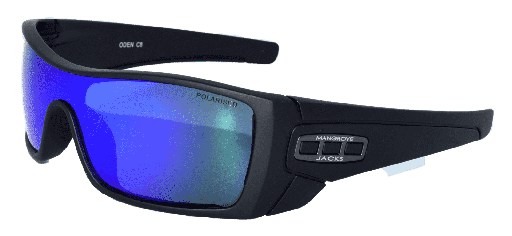 [9340457014252] Mangrove Jacks Oden C8 Matte Black / Ice Blue Revo Polarised Lenses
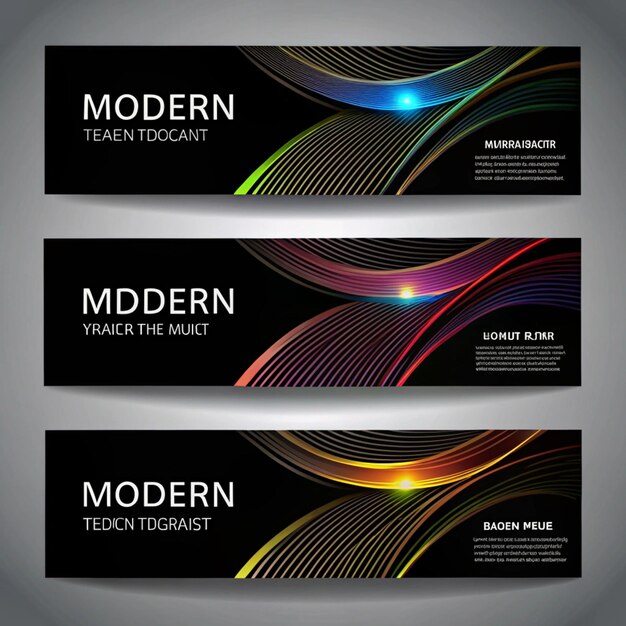 Photo a series of different banners with the word modern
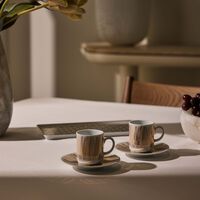 Tamrah by Razan Alazzouni Stripes Top Coffee Cup & Saucer Gold Set of 2 silsal tamrah by razan alazzouni stripes top coffee cup saucer gold set of 2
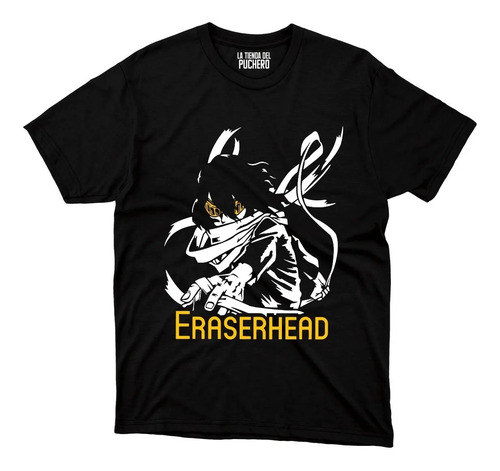 Playera Anime Boku No Hero Aizawa Shota Letras Amarillas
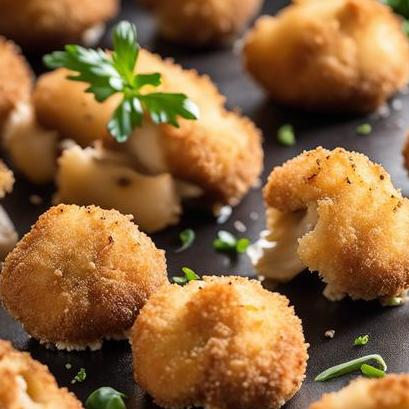 close up view of air fried breaded mushrooms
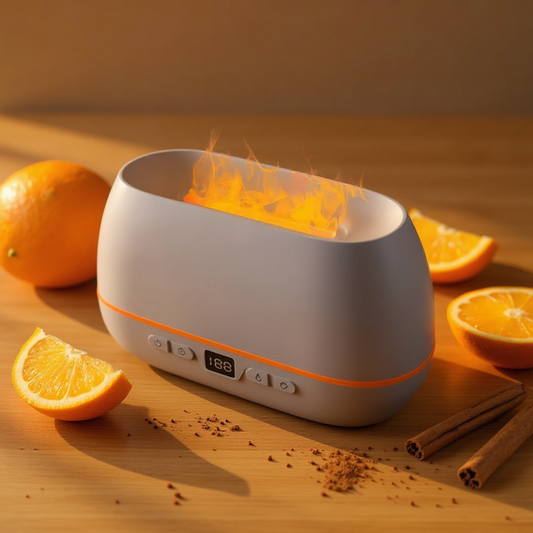 White diffuser with orange flames on a wooden surface with oranges and cinnamon sticks. - Lioré®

○ ○ ○ ○ ○

**Exercise details**
Leaving out any pictures, write the records above out exactly as they are.

**Your solution**
 [9340457014252] Mangrove Jacks Oden C8 Matte Black / Ice Blue Revo Polarised Lenses
 Photo a series of different banners with the word modern
 Tamrah by Razan Alazzouni Stripes Top Coffee Cup & Saucer Gold Set of 2 silsal tamrah by razan alazzouni stripes top coffee cup saucer gold set of 2
 Playera Anime Boku No Hero Aizawa Shota Letras Amarillas
 close up view of air fried breaded mushrooms
 White diffuser with orange flames on a wooden surface with oranges and cinnamon sticks. - Lioré®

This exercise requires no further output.